→ Directions for this task
Transcribe the lines below exactly, beginning with the line that holds "Un tebeo de" and ending with the final line, both included. Pictures are to be left out.

→ Brief descriptive captions
----

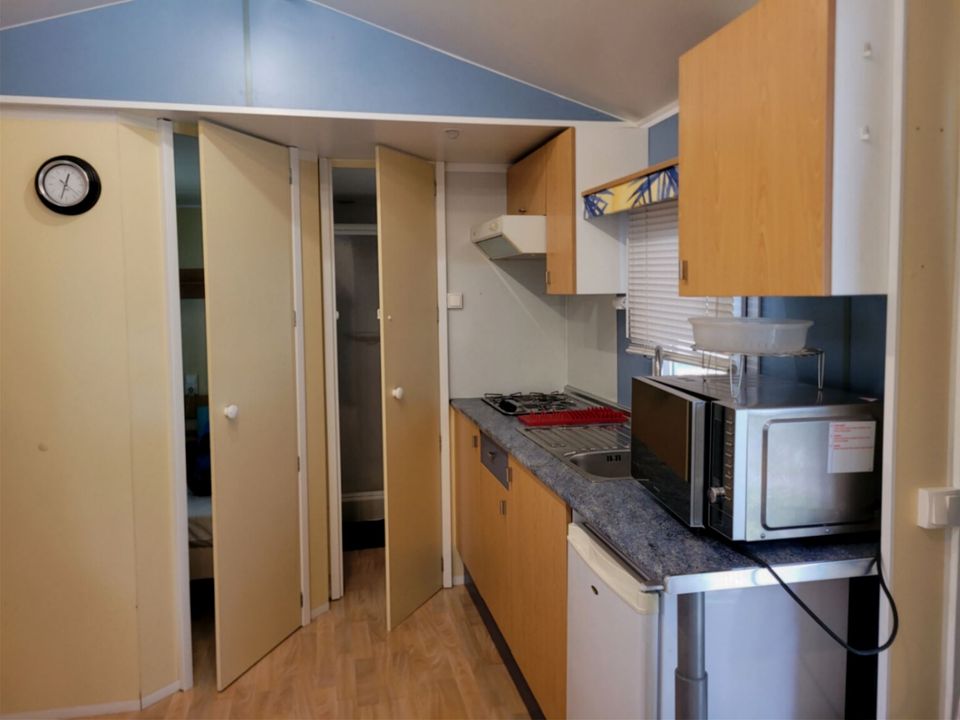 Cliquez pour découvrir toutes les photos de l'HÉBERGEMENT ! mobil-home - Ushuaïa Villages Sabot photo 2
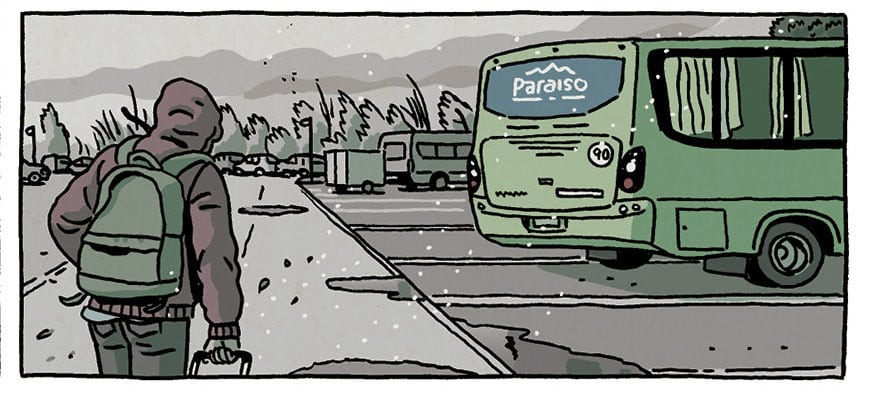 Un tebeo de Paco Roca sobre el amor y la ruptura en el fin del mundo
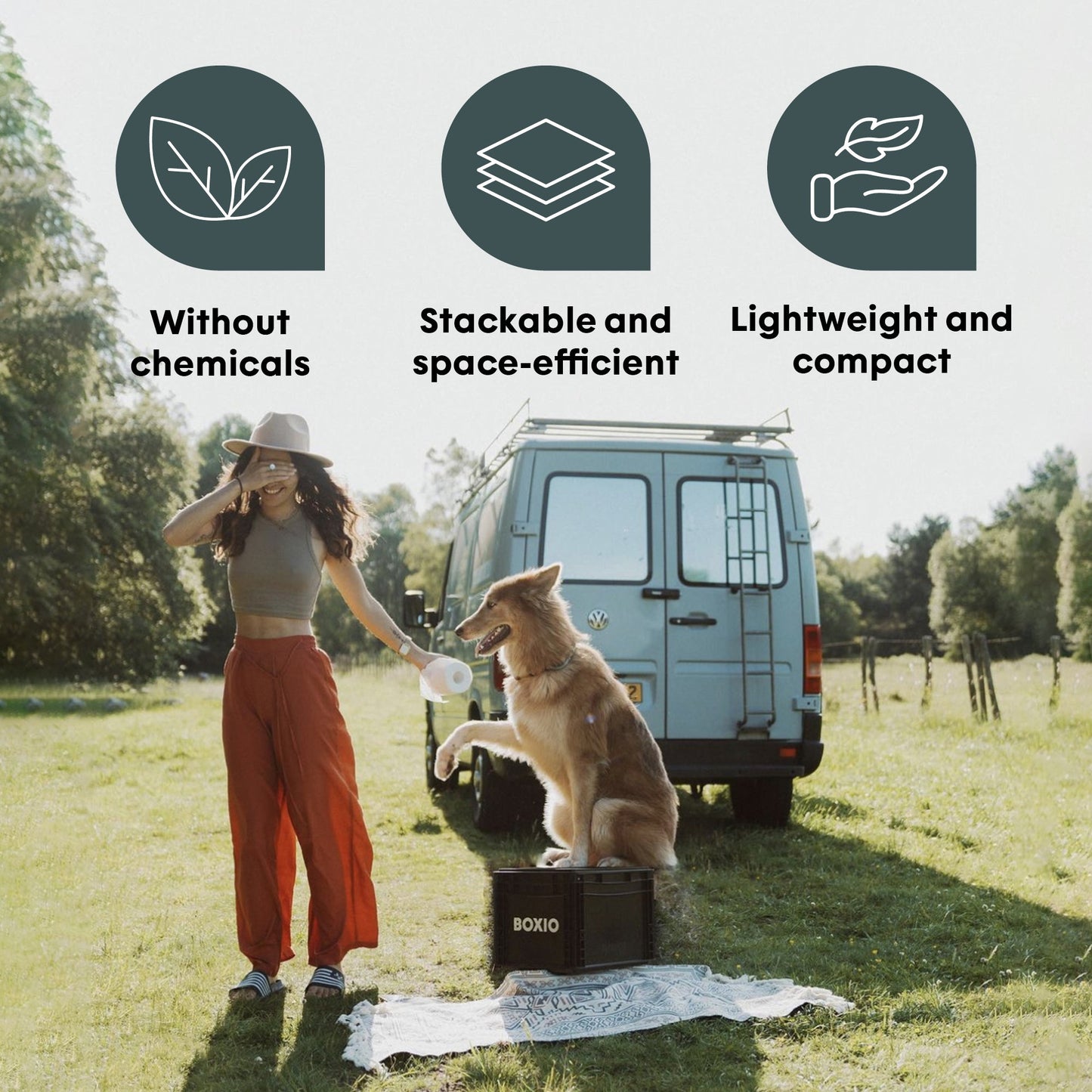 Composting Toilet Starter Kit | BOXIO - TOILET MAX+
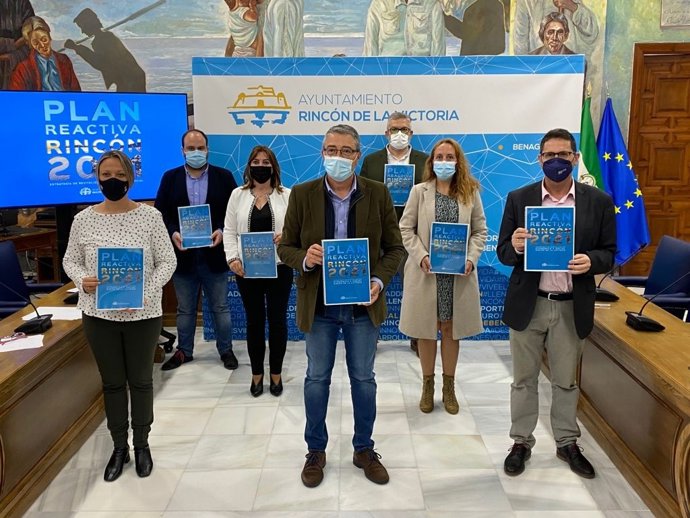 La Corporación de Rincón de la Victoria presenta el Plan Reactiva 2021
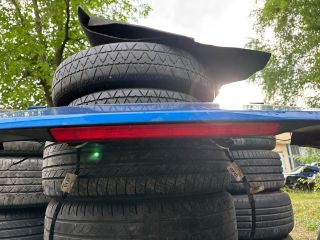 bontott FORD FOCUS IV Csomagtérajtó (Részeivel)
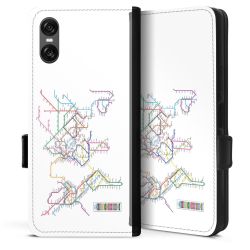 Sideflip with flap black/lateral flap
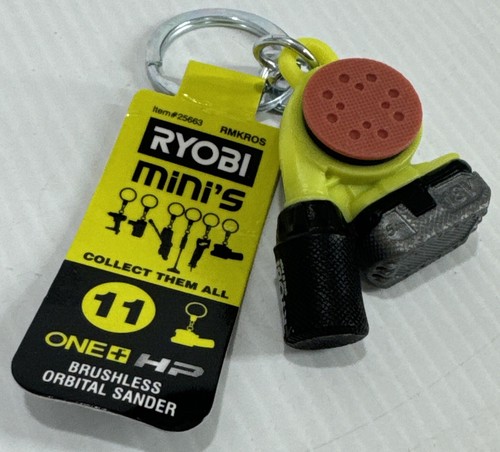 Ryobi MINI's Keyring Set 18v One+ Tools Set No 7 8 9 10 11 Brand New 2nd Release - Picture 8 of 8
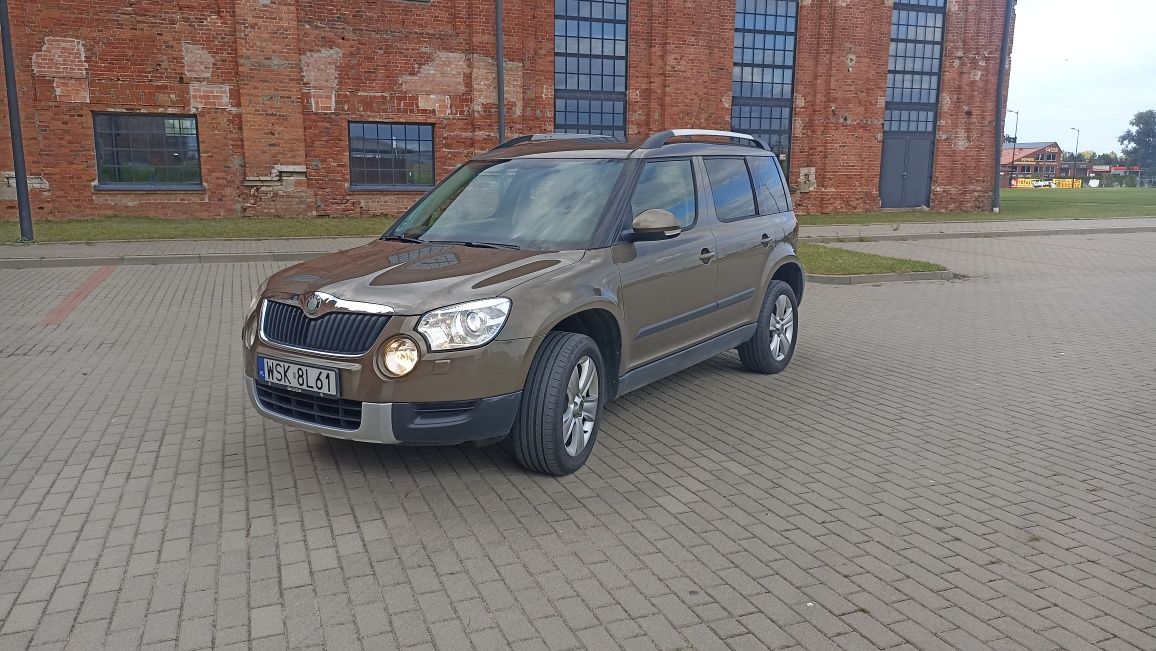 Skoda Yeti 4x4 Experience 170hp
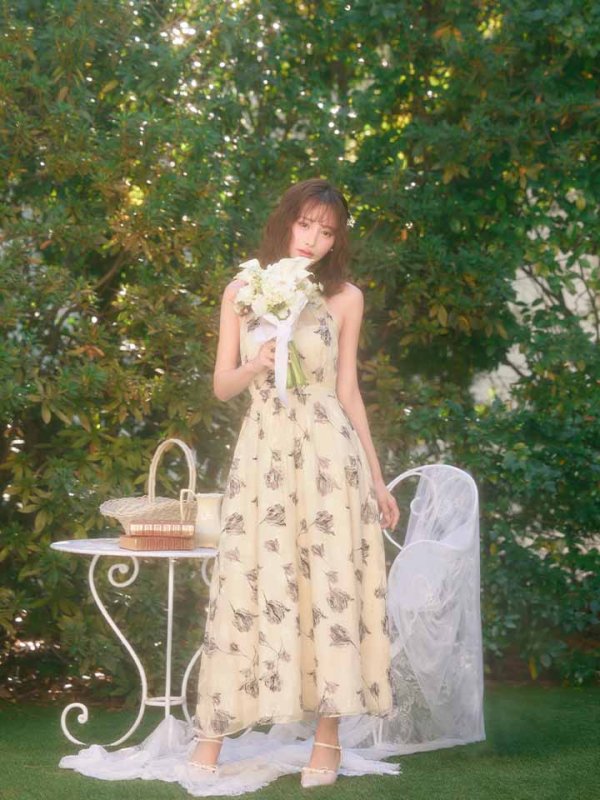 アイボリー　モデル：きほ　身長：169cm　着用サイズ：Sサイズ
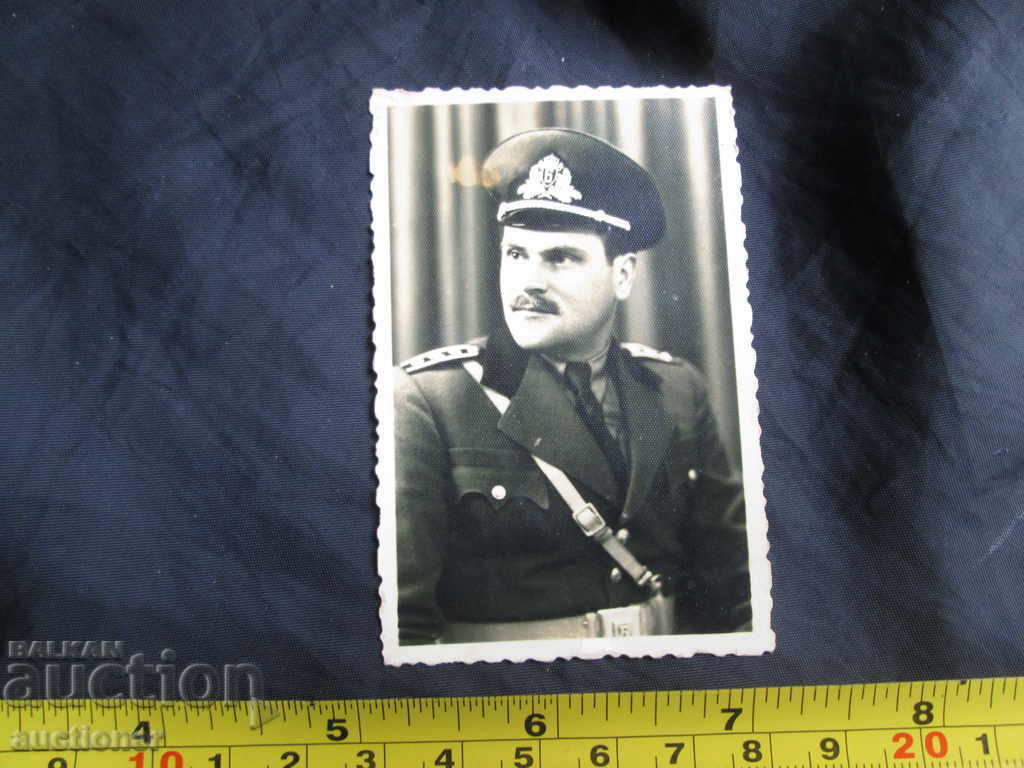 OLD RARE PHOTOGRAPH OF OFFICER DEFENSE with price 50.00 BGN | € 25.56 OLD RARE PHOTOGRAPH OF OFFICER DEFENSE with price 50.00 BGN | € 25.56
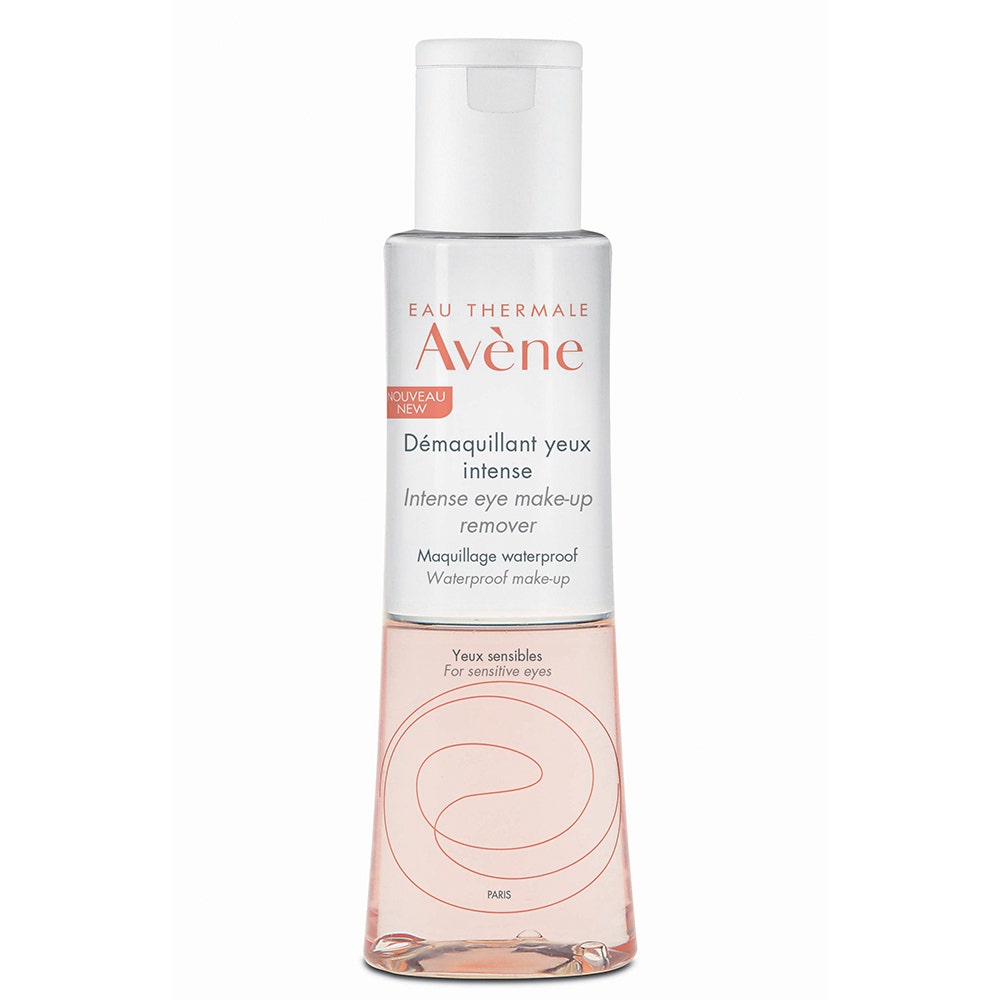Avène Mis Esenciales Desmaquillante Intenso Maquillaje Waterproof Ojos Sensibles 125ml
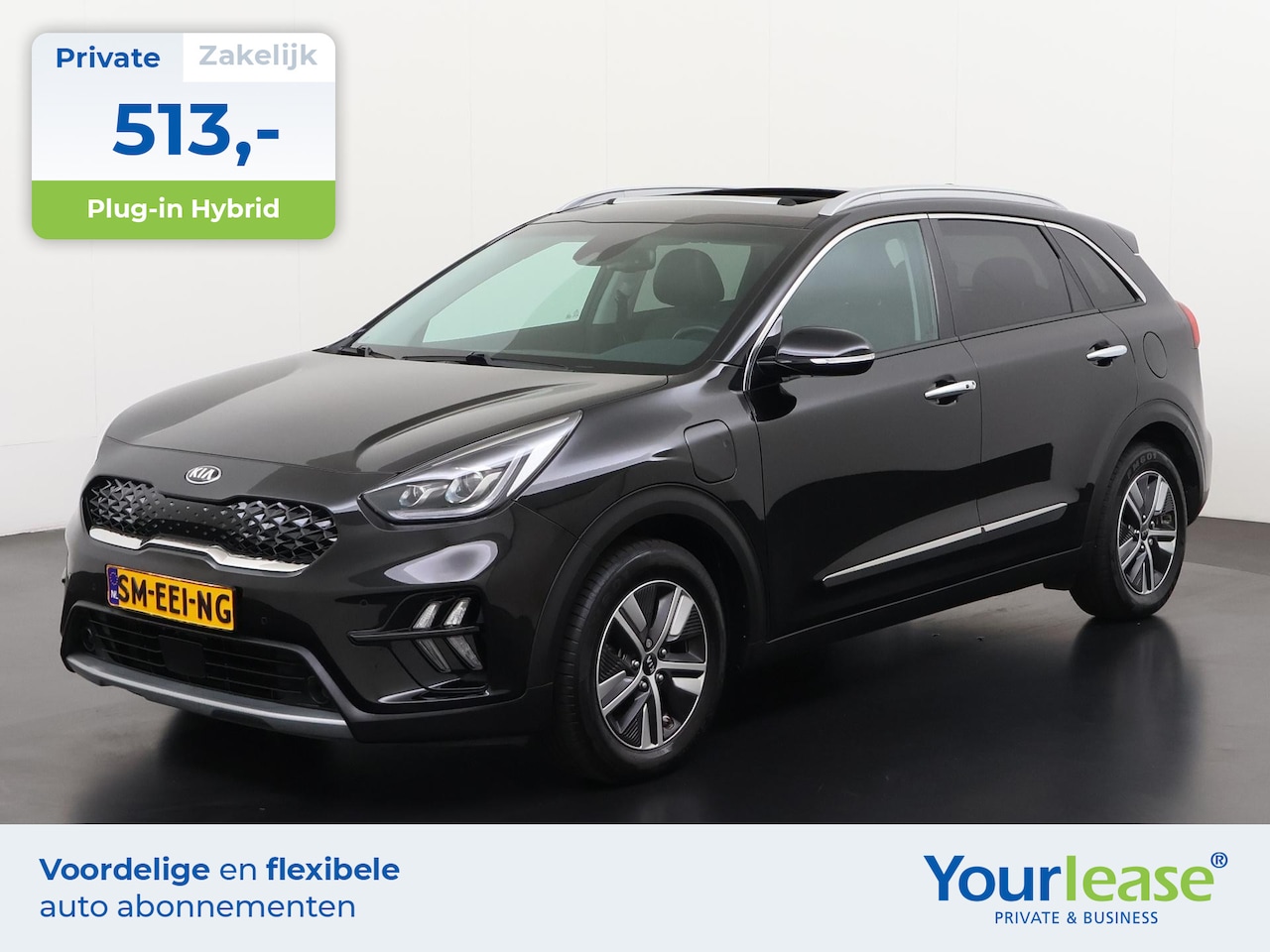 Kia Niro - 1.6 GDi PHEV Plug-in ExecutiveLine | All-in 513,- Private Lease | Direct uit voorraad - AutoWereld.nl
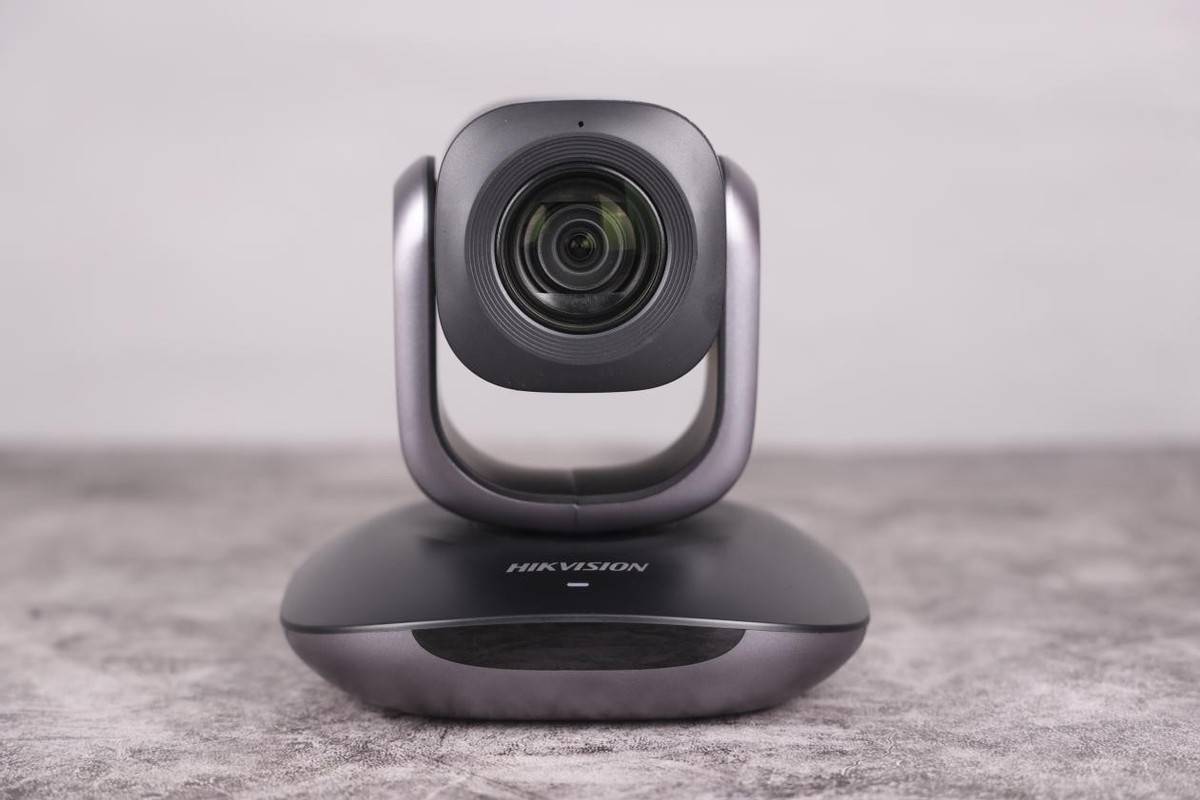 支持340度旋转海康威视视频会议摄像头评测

----

→ Completed exercise
 Un tebeo de Paco Roca sobre el amor y la ruptura en el fin del mundo
 Composting Toilet Starter Kit | BOXIO - TOILET MAX+
 La Corporación de Rincón de la Victoria presenta el Plan Reactiva 2021
 bontott FORD FOCUS IV Csomagtérajtó (Részeivel)
 Sideflip with flap black/lateral flap
 Ryobi MINI's Keyring Set 18v One+ Tools Set No 7 8 9 10 11 Brand New 2nd Release - Picture 8 of 8
 Skoda Yeti 4x4 Experience 170hp
 アイボリー　モデル：きほ　身長：169cm　着用サイズ：Sサイズ
 OLD RARE PHOTOGRAPH OF OFFICER DEFENSE with price 50.00 BGN | € 25.56 OLD RARE PHOTOGRAPH OF OFFICER DEFENSE with price 50.00 BGN | € 25.56
Avène Mis Esenciales Desmaquillante Intenso Maquillaje Waterproof Ojos Sensibles 125ml
 Kia Niro - 1.6 GDi PHEV Plug-in ExecutiveLine | All-in 513,- Private Lease | Direct uit voorraad - AutoWereld.nl
 支持340度旋转海康威视视频会议摄像头评测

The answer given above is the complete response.